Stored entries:
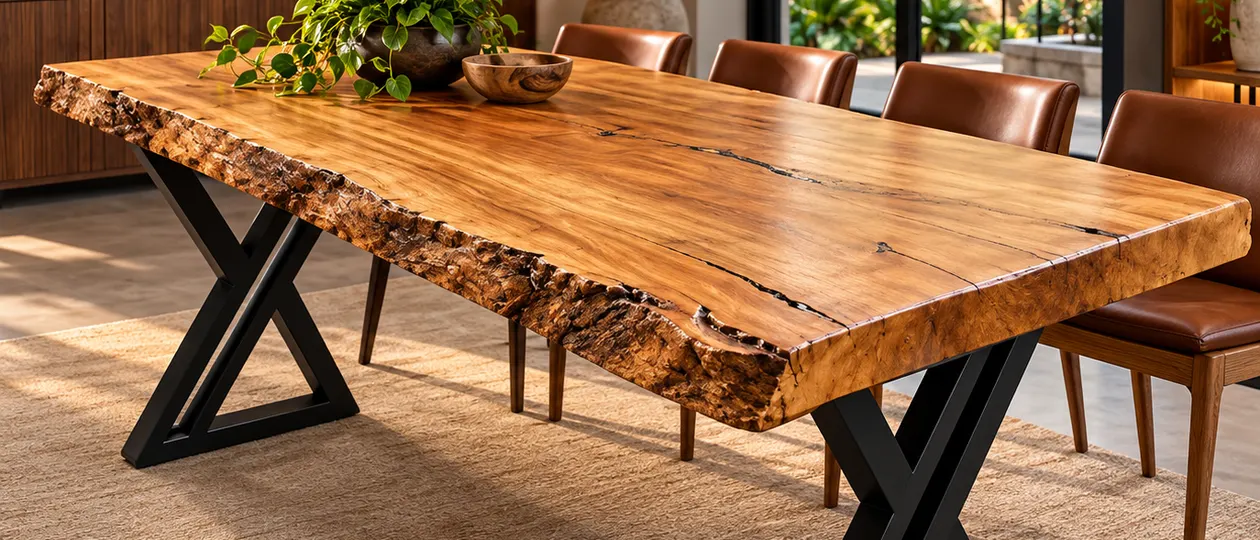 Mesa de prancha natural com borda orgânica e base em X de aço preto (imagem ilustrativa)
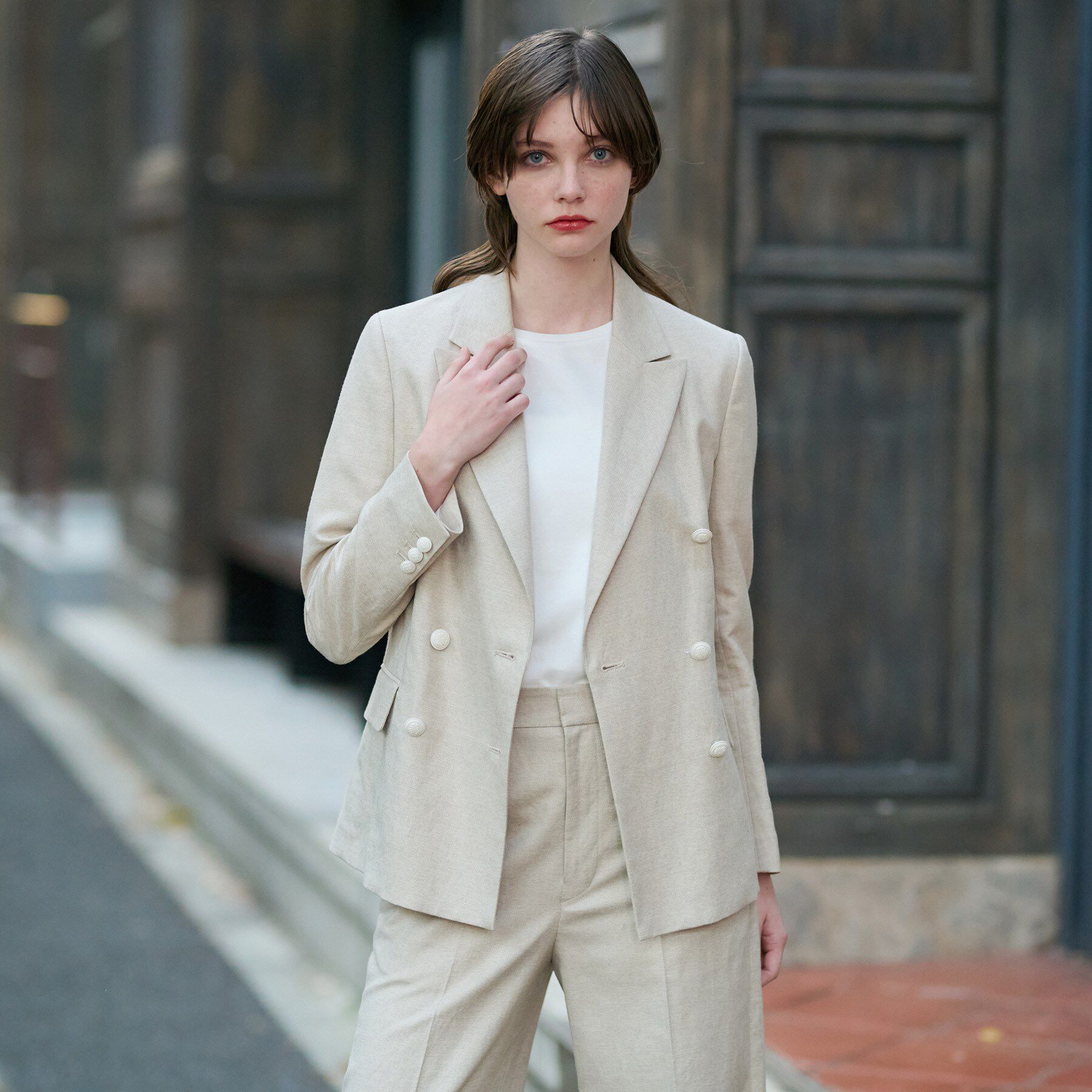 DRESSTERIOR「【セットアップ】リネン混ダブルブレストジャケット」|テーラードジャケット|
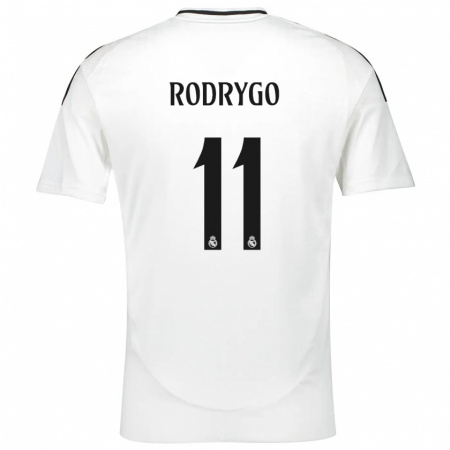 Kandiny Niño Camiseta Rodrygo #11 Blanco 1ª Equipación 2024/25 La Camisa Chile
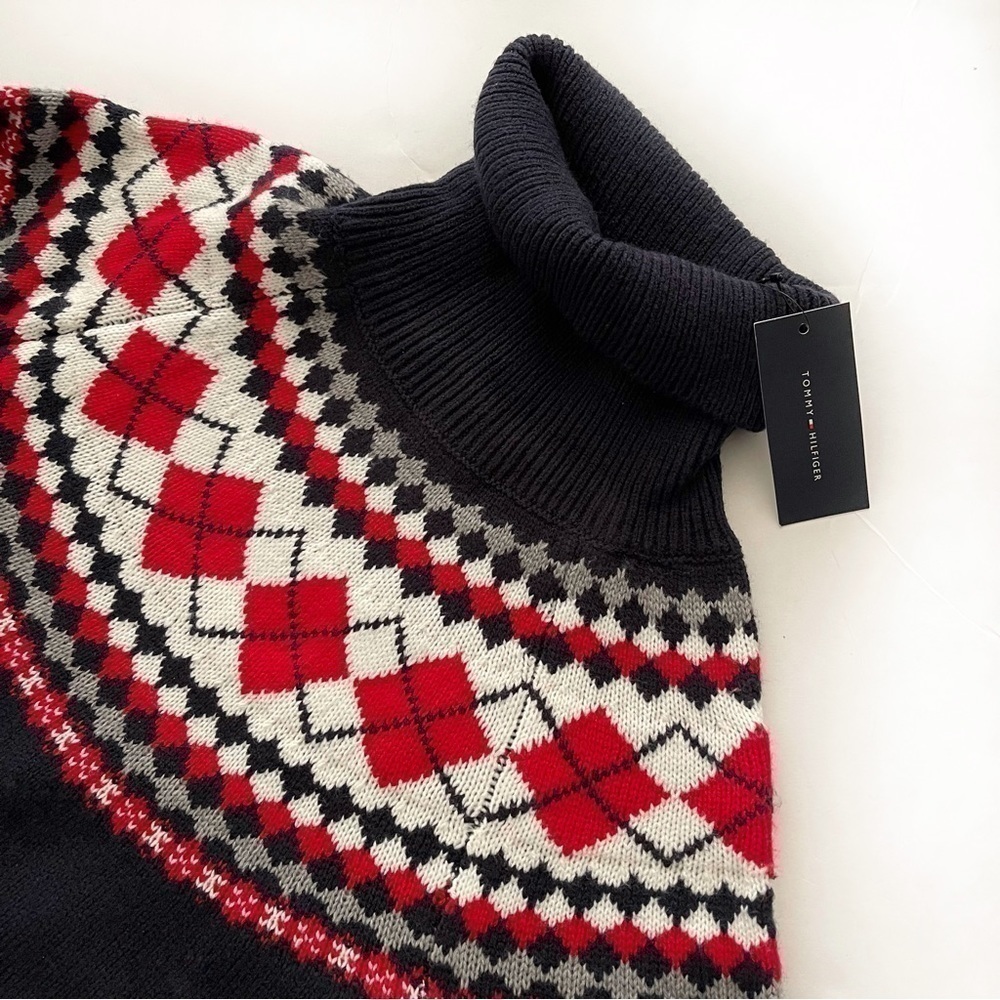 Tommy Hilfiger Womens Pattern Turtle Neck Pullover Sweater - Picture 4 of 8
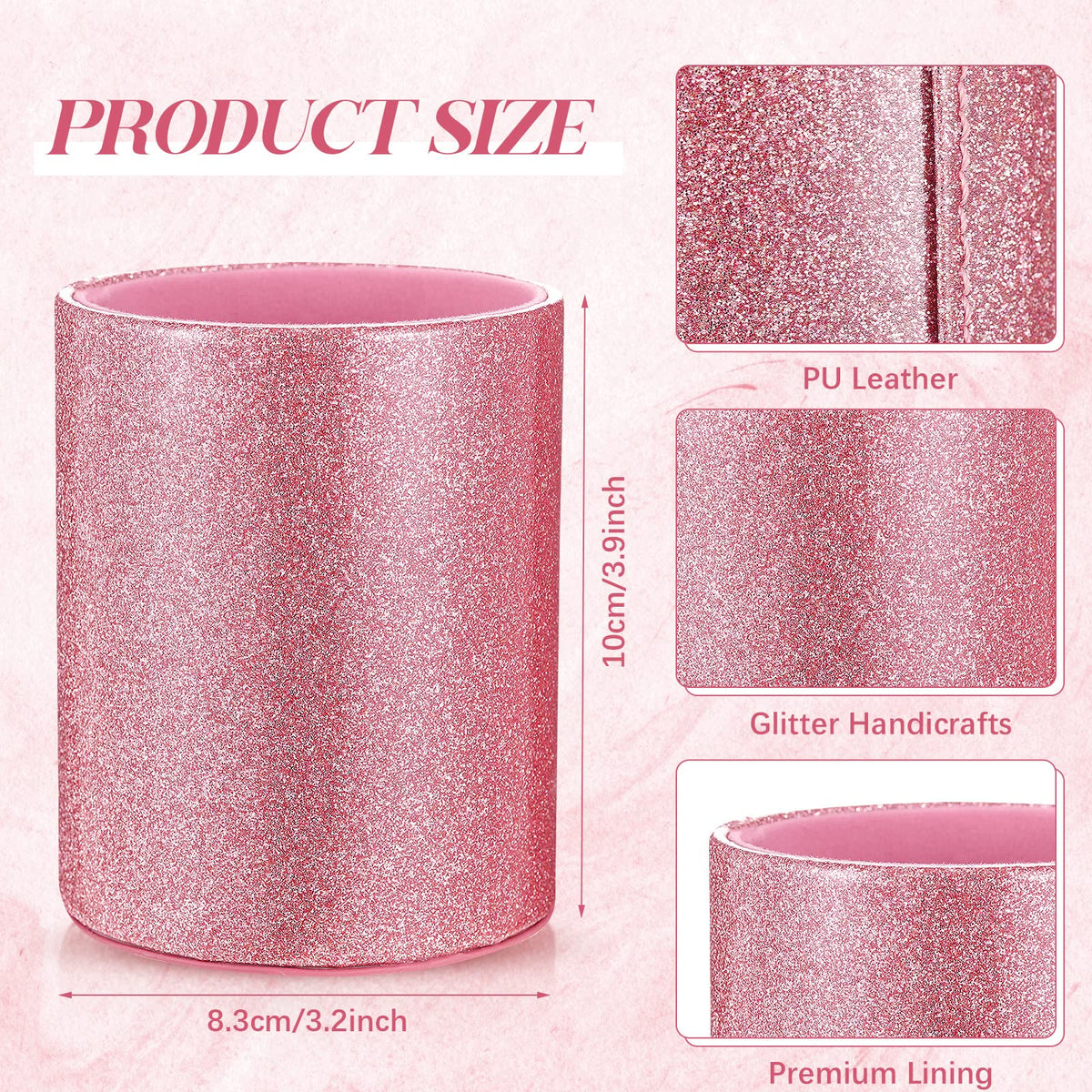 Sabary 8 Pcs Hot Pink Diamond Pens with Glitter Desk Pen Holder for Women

PROBLEM REQUIREMENTS. Copy every line above exactly, leaving no picture in the copy.

WRITTEN REPLY.
 Mesa de prancha natural com borda orgânica e base em X de aço preto (imagem ilustrativa)
 DRESSTERIOR「【セットアップ】リネン混ダブルブレストジャケット」|テーラードジャケット|
 Kandiny Niño Camiseta Rodrygo #11 Blanco 1ª Equipación 2024/25 La Camisa Chile
 Tommy Hilfiger Womens Pattern Turtle Neck Pullover Sweater - Picture 4 of 8
 Sabary 8 Pcs Hot Pink Diamond Pens with Glitter Desk Pen Holder for Women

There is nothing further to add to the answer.